United States v. Gupta, No. 12-4448-cr (2d Cir. Mar. 25, 2014) (Newman, Kearse, and Pooler), available here
Rajat K. Gupta, a former director of The Goldman Sachs Group, was convicted, after a jury trial, of three counts of securities fraud and one count of conspiracy to commit securities fraud, based on insider trading. He was sentenced to 24 months of imprisonment, one year of supervised release, and a fine of $5 million.
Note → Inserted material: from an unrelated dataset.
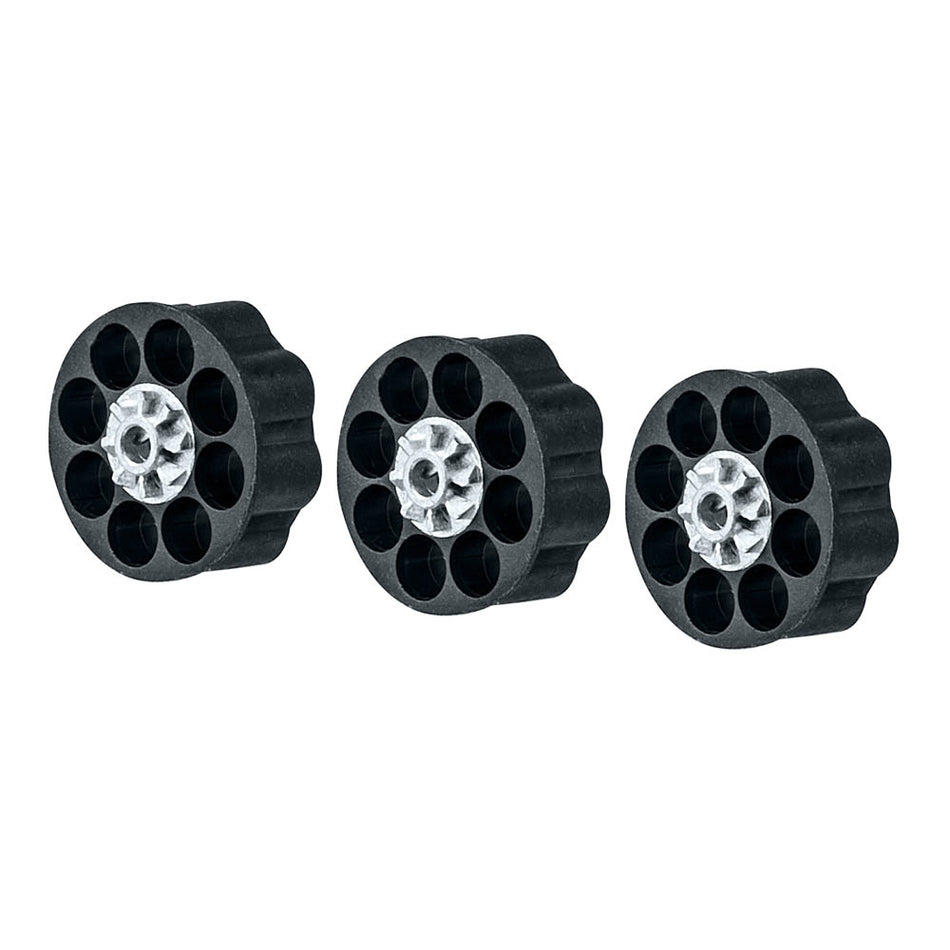 Umarex UX SA10 Airgun Rotary Magazine 4.5mm .177 3 Pack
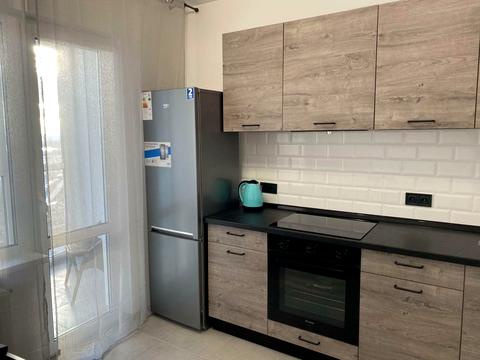 квартира по адресу Вишняковская ул., 4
This published decision affirms the judgment.
Gupta argued on appeal that the trial court (Judge Rakoff) erred (1) by admitting statements of a coconspirator (Raj Rajaratnam), recorded in wiretapped telephone conversations to which Gupta was not a party, and (2) by excluding relevant evidence offered by Gupta.
The Circuit rejected these arguments. It held, first, that Rules 801 and 804 of the Federal Rules of Evidence allowed the admission of Rajaratnam’s recorded statements, both as non-hearsay statements in furtherance of the charged “Rajaratnam-Gupta conspiracy” and under the exception for statements against penal interest.
The Court also held that the district court did not commit reversible error by limiting or excluding evidence proffered by the defense to show that any communication by Gupta of inside information to Rajaratnam was improbable. This evidence included testimony from Gupta’s daughter Geetanjali suggesting that Gupta was angry with Rajaratnam at the relevant time and therefore was unlikely to have shared insider information with him.
The Circuit held that the trial court did not abuse its discretion by concluding, under Fed. R. Evid. 403, that this evidence was “cumulative” and would have been “unfairly prejudicial” to the government. The Court further held that any error was harmless.
Finally, the Circuit upheld the exclusion of other defense evidence, including evidence that ostensibly suggested that someone else had provided confidential information to Rajaratnam, evidence of Gupta’s intent to give to charity, and character testimony indicating that Gupta had “integrity.”